#### EXERCISE DESCRIPTION
Every line from the one with "Pendientes En Forma De Lágrmia Con Textura Pendientes" to the end of the data needs to be copied exactly, and no line before it.

#### TASK DATA
------------------------------

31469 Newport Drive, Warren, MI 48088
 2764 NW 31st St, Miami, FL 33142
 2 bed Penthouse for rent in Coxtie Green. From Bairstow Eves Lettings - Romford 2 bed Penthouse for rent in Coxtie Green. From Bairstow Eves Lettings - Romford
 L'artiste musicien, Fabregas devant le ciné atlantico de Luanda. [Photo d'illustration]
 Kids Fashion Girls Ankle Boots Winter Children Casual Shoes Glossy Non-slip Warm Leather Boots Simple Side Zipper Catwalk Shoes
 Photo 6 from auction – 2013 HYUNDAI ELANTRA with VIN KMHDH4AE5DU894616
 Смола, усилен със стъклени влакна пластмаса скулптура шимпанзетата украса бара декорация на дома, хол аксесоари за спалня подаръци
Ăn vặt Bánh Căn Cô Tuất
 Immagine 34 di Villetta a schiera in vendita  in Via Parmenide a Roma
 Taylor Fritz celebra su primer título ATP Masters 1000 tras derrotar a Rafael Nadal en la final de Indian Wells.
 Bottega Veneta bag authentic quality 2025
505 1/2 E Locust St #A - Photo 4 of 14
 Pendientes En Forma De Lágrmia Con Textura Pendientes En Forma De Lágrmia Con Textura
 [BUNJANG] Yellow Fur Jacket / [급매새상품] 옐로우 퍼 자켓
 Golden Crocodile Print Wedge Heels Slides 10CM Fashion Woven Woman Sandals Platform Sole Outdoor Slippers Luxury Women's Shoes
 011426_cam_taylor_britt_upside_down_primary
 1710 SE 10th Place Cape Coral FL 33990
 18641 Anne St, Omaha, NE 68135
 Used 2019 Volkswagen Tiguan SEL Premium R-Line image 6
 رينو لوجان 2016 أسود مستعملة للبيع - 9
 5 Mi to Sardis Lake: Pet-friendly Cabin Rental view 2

------------------------------

#### RESULT OF THE EXERCISE
 Pendientes En Forma De Lágrmia Con Textura Pendientes En Forma De Lágrmia Con Textura
 [BUNJANG] Yellow Fur Jacket / [급매새상품] 옐로우 퍼 자켓
 Golden Crocodile Print Wedge Heels Slides 10CM Fashion Woven Woman Sandals Platform Sole Outdoor Slippers Luxury Women's Shoes
 011426_cam_taylor_britt_upside_down_primary
 1710 SE 10th Place Cape Coral FL 33990
 18641 Anne St, Omaha, NE 68135
 Used 2019 Volkswagen Tiguan SEL Premium R-Line image 6
 رينو لوجان 2016 أسود مستعملة للبيع - 9
 5 Mi to Sardis Lake: Pet-friendly Cabin Rental view 2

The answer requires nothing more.